What is Escrow?How Escrow is Beneficial to Both Buyers and Sellers

If you have ever dealt with buying or selling real estate you have probably heard the term escrow before. If you have never purchased a home this term may have you asking, "What is Escrow?"

Where real estate is concerned escrow is an account used as a secure holding place for important items like the earnest money check and all applicable contracts. These items are kept by an escrow company and the company stores each property's details in a separate account until the purchase deal has officially closed and finalized. 

Escrow also refers to the contractual agreement to have a third party keep all escrow documents safe through the oversight of an escrow officer. 

How Does Escrow Work?

An escrow agent, which is a third-party assigned agent usually from a closing company, is assigned to the transaction and is there to oversee the steps of the closing process to make sure things are in order and running smoothly. This can include the transfer of money and documents as well as holding assets like money and payments safely in the escrow account until they are due to be released for payment.

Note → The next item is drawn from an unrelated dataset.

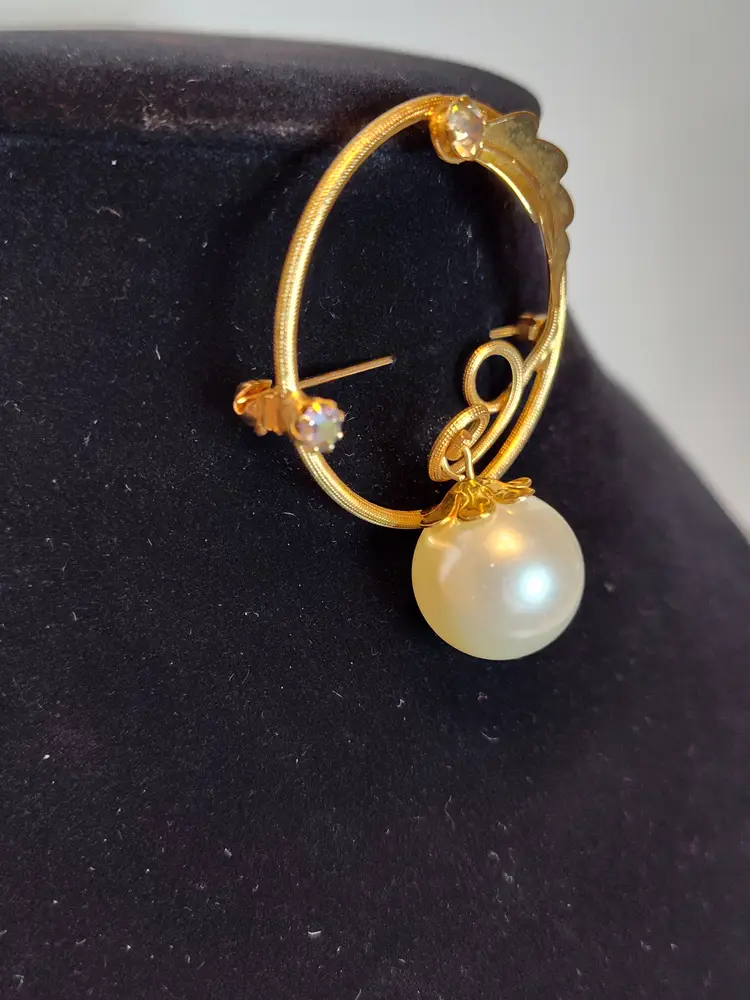 Vintage Brooch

When all of the conditions of the purchase contract have been met and the mortgage has been fully approved, the closing costs have been paid, money has been transferred to pay off the current mortgage, and a check is written for profit to the sellers, the escrow officer will clear all records like the titles and make sure the new buyer is the new legal owner of the home.

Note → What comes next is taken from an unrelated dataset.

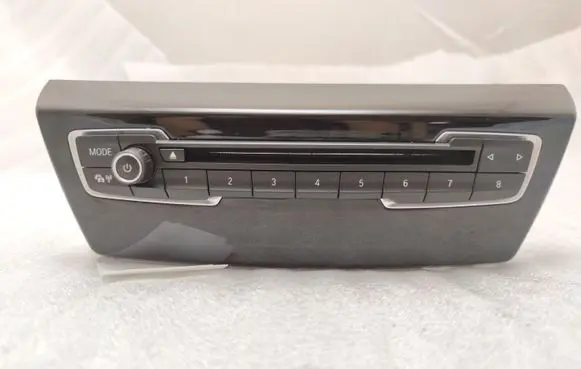 BMW 2 F46 Radio/CD/DVD/GPS head unit 9371455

How Much Will Escrow Cost?

The cost of escrow varies depending upon your location and who has agreed to pay for what in the real estate transaction. On average the cost is anywhere between 1 and 2 percent of the purchase price of the home. 

What is Earnest Money?

Earnest money can also sometimes be called the escrow deposit. It is a dollar amount that the potential buyer puts into a secure place overseen by the escrow officer to be held during the closing process. It is also sometimes called a good faith deposit. It is money that goes to the seller should the buyer back out of their offer for any reason outside of the stated contingencies in the purchase offer that both parties signed. 

How Excrow Can Protect Both Buyers and Sellers

Here is a specific example of how escrow can protect a buyer: if you have included an inspection contingency in the contract and find repairs need to be made to the roof and the seller agrees to make the repairs and says they are done. When you are doing a final walk through you see the repairs have not been made to the level agreed upon. Until the repairs are done properly the seller will not see the earnest money. 

How does a seller benefit from escrow? If a buyer decides they do not want to go through with the purchase of a home and it is for a reason other than one protected by the purchase contract, the earnest money then becomes like a deposit that will not be refunded. The seller gets to keep this money for the trouble of going through the closing process and having to put the home back in an active listing status.